Before propensity scores can be estimated, it is necessary to handle any missing data in the covariates. I recommend multiple imputation because it has been shown to outperform other methods of handling missing data such as listwise deletion, pairwise deletion, and single imputation (hot deck imputation, regression imputation).

There are two main approaches to multiple imputation: joint modeling and multiple imputation by chained equations (MICE). I use MICE because it does not require the specification of a joint distribution of covariates.

In the video below, I review R code for multiple imputation as well as single imputation of covariates prior to propensity score estimation using MICE.

PROPENSITY SCORE ESTIMATION WITH LOGISTIC REGRESSION
The most common method to estimate propensity scores is logistic regression, because it is a parametric model that is familiar to many researchers. Although there are many advanced data mining methods that can potentially outperform logistic regression, I recommend that researchers use logistic regression first because it frequently produces propensity scores that result in adequate covariate balance. If you are able to achieve covariate balance using the propensity scores estimated with logistic regression, it is not necessary to use advanced data mining methods.

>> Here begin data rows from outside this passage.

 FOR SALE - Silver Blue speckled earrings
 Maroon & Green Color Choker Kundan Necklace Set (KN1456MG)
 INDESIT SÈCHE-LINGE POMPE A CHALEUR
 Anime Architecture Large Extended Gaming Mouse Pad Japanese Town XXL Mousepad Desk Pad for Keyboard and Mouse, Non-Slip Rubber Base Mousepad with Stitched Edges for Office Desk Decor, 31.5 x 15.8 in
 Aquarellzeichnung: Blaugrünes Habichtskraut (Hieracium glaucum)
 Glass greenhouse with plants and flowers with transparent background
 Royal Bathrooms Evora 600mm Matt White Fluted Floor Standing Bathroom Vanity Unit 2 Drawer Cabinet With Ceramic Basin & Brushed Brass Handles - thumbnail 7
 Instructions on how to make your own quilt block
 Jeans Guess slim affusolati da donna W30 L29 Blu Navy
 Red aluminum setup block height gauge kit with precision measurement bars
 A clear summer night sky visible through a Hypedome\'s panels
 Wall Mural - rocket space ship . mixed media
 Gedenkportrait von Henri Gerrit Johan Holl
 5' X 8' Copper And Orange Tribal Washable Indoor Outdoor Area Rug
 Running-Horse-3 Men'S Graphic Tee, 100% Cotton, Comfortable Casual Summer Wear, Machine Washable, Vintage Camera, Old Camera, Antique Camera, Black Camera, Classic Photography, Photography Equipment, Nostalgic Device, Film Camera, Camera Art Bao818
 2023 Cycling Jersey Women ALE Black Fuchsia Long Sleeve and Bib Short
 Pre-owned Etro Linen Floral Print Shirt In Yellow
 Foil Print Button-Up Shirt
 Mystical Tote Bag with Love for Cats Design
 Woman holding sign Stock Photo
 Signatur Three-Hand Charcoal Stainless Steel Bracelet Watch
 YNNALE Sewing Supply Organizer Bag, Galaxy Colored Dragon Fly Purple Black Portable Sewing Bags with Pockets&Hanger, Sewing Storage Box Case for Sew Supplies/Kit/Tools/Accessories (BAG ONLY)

In the video below, I review R code for propensity score estimation with logistic regression.

Code for Chapter 2 Propensity Score Estimation

R Code for Propensity Score Estimation
File Size:	15 kb
File Type:	r

Download File

Data for Example of Propensity Score Estimation

R Data for Propensity Score Estimation Example
File Size:	294 kb
File Type:	rdata

Download File

Many data mining methods can be used to estimate propensity scores, such as generalized boosted modeling, random forests, and neural networks. In this video , I show how to estimate propensity scores using generalized boosted modeling with the twang package of R.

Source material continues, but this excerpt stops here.